Exercise
Except for images, print the whole listing verbatim.

+++ Data +++

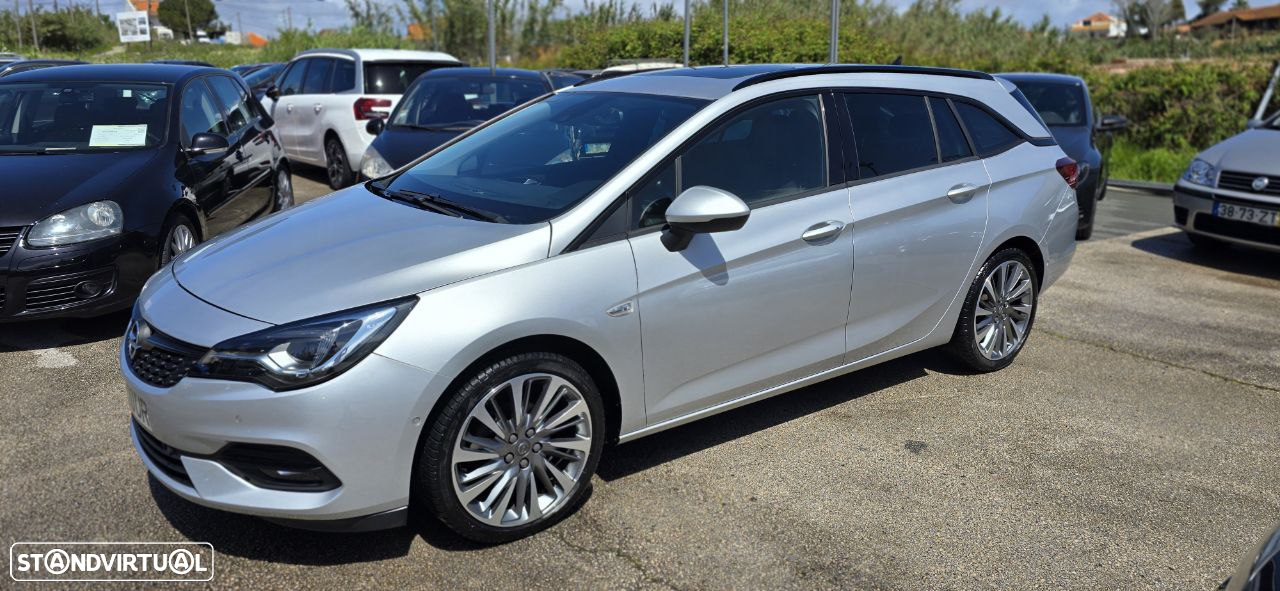 Opel Astra Sports Tourer 1.2 T Ultimate S/S - 27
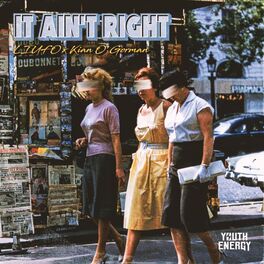 Album cover of It Ain't Right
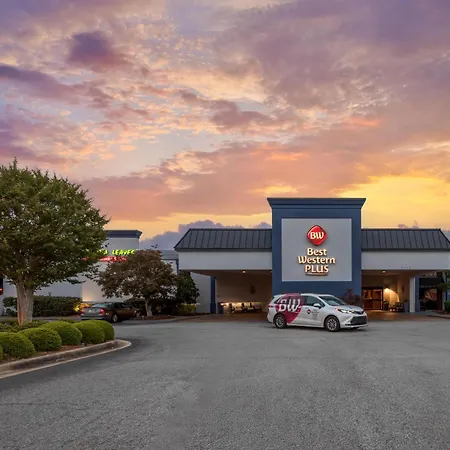 Best Western Plus Madison-Huntsville Hotel-2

+++

Task solution
 Opel Astra Sports Tourer 1.2 T Ultimate S/S - 27
 Album cover of It Ain't Right
 Best Western Plus Madison-Huntsville Hotel-2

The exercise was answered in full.